The city is home to the largest Dominican diaspora community, with over 700,000 residents claiming roots in the island nation as of 2020.
On Thursday, Teresa Tapia was among those visiting a growing memorial set up in the center of the Washington Heights neighborhood, featuring a dozen veladoras — prayer candles placed in glass.
“Dominicans are really grieving, I tell you,” said Tapia, 47, who has lived in the U.S. for eight years. “I’m so sad. I had to go out and walk. I had to get out.”
Among the 221 confirmed dead in the tragedy at the Jet Set club were prominent baseball players Octavio Dotel and Tony Enrique Blanco Cabrera, as well as merengue singer Ruddy Pérez.
Tapia had seen Pérez perform in his final New York concert on April 4, where she said he encouraged people to join him at Jet Set, at the next show. After shedding a few tears, she turned to a poster of the singer.
“Thank you Ruddy,” she said in Spanish, “For all the joy you gave to your country.”
Others at the memorial in the heavily Dominican neighborhood met up and greeted each other, conferring briefly over the latest headline or image from the disaster in their phones.
Above the memorial, scrawled in black pen, was a message of unity that brushed off regional and political divisions.
“Today we are not from Licey or Las Aguilas, from the PRM or the PLD,” it read in Spanish, using acronyms for political parties in the Dominican Republic. “Today we are simply a people united by grief.”

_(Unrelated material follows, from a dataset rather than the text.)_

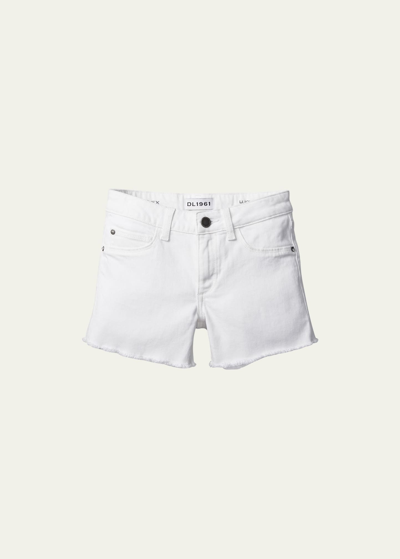 Dl1961 Girl's Lucy Cut Off Denim Shorts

On Wednesday, mourners clutching Dominican flags filled the pews at St. Elizabeth Church for a mass in memory of the victims. Among those speaking from the pulpit was Ydanis Rodriguez, the city’s transportation commissioner who was born in Dominican Republic. He pushed back at a narrative heard online and in the streets of Washington Heights that less sympathy was due to the victims because it was an expensive nightclub.
“The people who say ‘it was millionaires there.’ No. It was Dominicans there. It was workers at Jet Set,” other workers and students, said Rodriguez in Spanish.